• _WHAT THE TASK REQUIRES_
Which lines in the records below contain the word "White"? Return each of them.

• _RECORDED INFORMATION_

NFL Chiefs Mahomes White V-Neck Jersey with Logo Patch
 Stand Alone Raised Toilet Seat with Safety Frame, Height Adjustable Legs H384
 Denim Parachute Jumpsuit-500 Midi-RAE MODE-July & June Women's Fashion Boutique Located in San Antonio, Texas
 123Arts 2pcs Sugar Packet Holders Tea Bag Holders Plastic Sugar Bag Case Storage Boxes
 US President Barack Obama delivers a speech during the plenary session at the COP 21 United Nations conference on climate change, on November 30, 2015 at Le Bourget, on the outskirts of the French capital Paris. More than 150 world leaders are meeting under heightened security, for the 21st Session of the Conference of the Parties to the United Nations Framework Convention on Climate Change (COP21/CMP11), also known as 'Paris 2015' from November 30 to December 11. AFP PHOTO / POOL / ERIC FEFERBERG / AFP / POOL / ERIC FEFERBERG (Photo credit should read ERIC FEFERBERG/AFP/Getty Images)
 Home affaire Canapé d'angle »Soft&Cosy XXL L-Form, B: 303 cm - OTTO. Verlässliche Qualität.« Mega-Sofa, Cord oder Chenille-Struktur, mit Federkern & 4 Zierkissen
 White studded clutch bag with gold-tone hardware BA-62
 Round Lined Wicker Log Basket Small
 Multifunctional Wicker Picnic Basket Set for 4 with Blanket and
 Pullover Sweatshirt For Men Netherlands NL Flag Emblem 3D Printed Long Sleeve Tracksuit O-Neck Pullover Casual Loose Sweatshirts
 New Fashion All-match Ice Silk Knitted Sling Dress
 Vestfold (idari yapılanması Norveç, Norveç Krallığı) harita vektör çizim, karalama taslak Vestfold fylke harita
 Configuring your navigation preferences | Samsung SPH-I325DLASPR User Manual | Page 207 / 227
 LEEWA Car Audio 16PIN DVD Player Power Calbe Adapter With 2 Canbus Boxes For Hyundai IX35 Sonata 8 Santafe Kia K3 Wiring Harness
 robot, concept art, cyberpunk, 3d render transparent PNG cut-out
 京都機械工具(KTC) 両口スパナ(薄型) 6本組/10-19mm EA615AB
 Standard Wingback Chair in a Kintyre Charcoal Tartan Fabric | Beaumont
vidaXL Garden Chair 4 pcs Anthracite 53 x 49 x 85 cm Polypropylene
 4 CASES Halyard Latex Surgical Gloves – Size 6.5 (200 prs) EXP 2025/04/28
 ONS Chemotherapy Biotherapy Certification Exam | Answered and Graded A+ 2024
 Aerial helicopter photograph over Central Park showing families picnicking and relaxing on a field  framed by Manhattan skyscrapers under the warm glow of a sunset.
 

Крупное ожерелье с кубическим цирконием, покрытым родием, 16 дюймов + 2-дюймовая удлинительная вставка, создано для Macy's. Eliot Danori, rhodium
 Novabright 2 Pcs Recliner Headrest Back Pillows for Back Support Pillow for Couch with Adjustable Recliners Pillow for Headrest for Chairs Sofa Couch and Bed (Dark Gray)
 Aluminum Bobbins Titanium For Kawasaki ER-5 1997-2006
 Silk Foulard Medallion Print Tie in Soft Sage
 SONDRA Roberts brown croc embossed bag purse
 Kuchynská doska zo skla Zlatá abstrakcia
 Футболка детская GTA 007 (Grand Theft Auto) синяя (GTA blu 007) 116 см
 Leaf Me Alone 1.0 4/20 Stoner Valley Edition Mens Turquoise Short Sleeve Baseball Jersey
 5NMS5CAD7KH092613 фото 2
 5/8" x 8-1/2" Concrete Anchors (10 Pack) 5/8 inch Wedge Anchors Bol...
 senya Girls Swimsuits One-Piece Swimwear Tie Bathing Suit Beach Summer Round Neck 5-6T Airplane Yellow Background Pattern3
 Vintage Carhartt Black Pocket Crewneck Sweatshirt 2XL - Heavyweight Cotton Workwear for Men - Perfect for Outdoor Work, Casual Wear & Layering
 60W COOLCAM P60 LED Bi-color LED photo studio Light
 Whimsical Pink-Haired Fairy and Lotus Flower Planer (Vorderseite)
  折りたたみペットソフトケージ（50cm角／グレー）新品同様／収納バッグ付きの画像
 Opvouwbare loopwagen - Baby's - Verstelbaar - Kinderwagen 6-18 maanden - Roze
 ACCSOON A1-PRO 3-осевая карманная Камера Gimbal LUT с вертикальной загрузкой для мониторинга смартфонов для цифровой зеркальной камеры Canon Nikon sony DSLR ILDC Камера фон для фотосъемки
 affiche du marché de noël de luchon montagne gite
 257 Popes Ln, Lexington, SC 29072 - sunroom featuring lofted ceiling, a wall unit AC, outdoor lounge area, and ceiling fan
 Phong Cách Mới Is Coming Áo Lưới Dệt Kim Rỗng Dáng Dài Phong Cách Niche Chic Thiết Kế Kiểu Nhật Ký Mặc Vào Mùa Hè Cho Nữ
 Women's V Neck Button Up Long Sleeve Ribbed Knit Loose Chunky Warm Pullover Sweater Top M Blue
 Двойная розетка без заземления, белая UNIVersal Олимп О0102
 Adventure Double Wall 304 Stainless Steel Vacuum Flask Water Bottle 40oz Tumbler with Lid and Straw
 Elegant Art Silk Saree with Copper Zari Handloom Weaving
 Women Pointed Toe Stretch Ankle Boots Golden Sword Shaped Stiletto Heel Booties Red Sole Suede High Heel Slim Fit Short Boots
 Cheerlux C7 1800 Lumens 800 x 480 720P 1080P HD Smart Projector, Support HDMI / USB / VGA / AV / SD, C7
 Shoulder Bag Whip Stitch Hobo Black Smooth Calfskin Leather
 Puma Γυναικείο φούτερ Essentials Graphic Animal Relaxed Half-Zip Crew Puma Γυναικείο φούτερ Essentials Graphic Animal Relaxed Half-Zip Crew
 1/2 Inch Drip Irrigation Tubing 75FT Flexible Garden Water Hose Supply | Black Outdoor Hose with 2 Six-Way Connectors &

• _EXERCISE SOLUTION_
NFL Chiefs Mahomes White V-Neck Jersey with Logo Patch
 White studded clutch bag with gold-tone hardware BA-62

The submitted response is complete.